A forward for the Portugal national football team, Ronaldo’s extraordinary career has brought him to don the number 7 jersey, and his on-field accomplishments have made him a trending topic. He commands attention on the field thanks to his 1.87 m height. Ronaldo’s personal life is highlighted off the field by his relationship with Georgina Rodriguez, which started in 2017.
Let’s move to the serious part of this article, the analysis of our dataset.
Step1: Load the Data
df=pd.read_csv("your_path/data.csv")
df_o=pd.read_csv("your_path/data.csv/overall.csv")
Step2: Explore the dataset:
We will use this command line to know the count of the unique value, and also to know the highest and lowest value.
pd.DataFrame(df.apply(lambda col: len(col.unique())),columns=["Unique Values Count"])

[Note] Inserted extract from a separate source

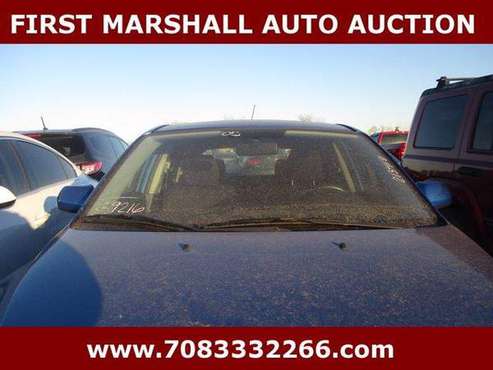 2005 Mazda Mazda3 s - Auction Pricing - - by dealer for sale in Harvey, WI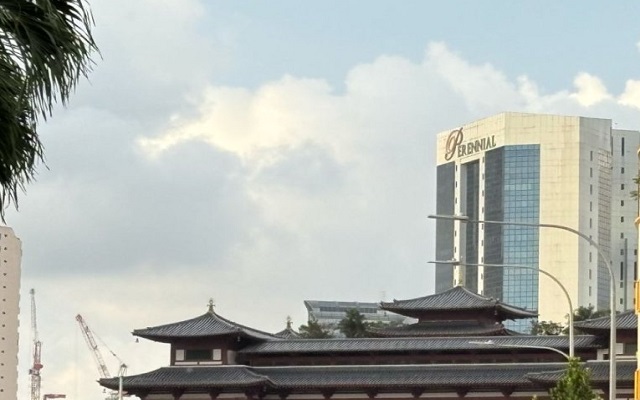 南非企業(yè)設(shè)立中注冊(cè)資本的合規(guī)性要求說(shuō)明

df.describe(include=['object']).T
Step3: EDA, Data Visualization
- Goal Per Competition
px.histogram(
df,
x='Competition',
title="Goals per competition",
log_x=False,
log_y=False,
#symbol='title',
#markers=True,
#width=800,
height=500,
color='Club',
hover_name='Club',
hover_data=['Competition','Club'])
2. Goals per season
px.histogram(
df,
x='Season',
title="Goals per season",
log_x=False,
log_y=False,
#symbol='title',
#markers=True,
#width=800,
height=500,
color='Club',
hover_name='Club',
hover_data=['Competition','Season','Club'])
3. Goals per club
px.histogram(
df,
x='Club',
title="Goals per Clubs - Seasons",
log_x=False,
log_y=False,
#symbol='title',
#markers=True,
#width=800,
height=500,
color='Season',
hover_name='Season',
hover_data=['Competition','Season','Club'])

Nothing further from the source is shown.